Here is the fixed input file: 0 0 1.0 1 1 1.0 2 2 1.0 3 3 1.0 4 4 1.0 1 2 0.130911 2 1 0.130911 2 3 0.0110911 3 2 0.0110911 1 3 0.294264 3 1 0.294264 1 4 0.308753 4 1 0.308753 2 4 0.202304 4 2 0.202304 3 4 0.774086 4 3 0.774086

Alternatively, you can run with --inputfileoffset=1. I guess you may need to add this flag to the spectral clustering.
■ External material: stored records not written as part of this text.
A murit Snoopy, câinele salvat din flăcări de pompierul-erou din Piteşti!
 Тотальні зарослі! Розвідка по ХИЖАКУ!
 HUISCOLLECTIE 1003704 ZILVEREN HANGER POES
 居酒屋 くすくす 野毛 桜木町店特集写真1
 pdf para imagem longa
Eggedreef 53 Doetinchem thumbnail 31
Here is the fixed run results:

./svd A3 --rows=5 --cols=5 --nsv=5 --nv=6 --maxiter=3 --quiet=1 --savevectors=1 --predictions=out GRAPHLABSUBNETID/GRAPHLABSUBNETMASK environment variables not defined. Using default values Subnet ID: 0.0.0.0 Subnet Mask: 0.0.0.0 Will find first IPv4 non-loopback address matching the subnet Loading graph. Loading graph. Finished in 0.005247 Finalizing graph. Finalizing graph. Finished in 0.041158 ========== Graph statistics on proc 0 =============== Num vertices: 10 Num edges: 17 Num replica: 10 Replica to vertex ratio: 1


Num local own vertices: 10 Num local vertices: 10 Replica to own ratio: 1 Num local edges: 17 Edge balance ratio: 1 Creating engine Running SVD (gklanczos) (C) Code by Danny Bickson, CMU Please send bug reports to danny.bickson@gmail.com Updates: 5 ... set status to tol set status to tol Updates: 5 Updates: 5 Number of computed signular values 6 Updates: 5 Updates: 5 Singular value 0 2 Error estimate: 1.64251e-15 Updates: 5 Updates: 5 Singular value 1 1.00399 Error estimate: 1.01041e-14 Updates: 5 Updates: 5 Singular value 2 1 Error estimate: 5.09373e-15 Updates: 5 Updates: 5 Singular value 3 0.793482 Error estimate: 1.93418e-15 Updates: 5 Updates: 5 Singular value 4 0.202524 Error estimate: 1.32544e-14 Saving singular value triplets to files: out.U. and out.V. Saving predictions


Final Runtime (seconds): 0.576169 Updates executed: 5 Update Rate (updates/second): 8.67801

As you can easily verify our accuracy matches R: [1] 2.0000000 1.0039934 1.0000000 0.7934823 0.2025243


User 581 | 8/12/2014, 6:14:46 PM

Thanks Danny. Adding the --inputfileoffset option does indeed fix things. I made a pull request to spectral_clustering.cpp with that change, in case that's helpful.


User 6 | 8/12/2014, 7:07:05 PM

Thanks I just merged your pull request.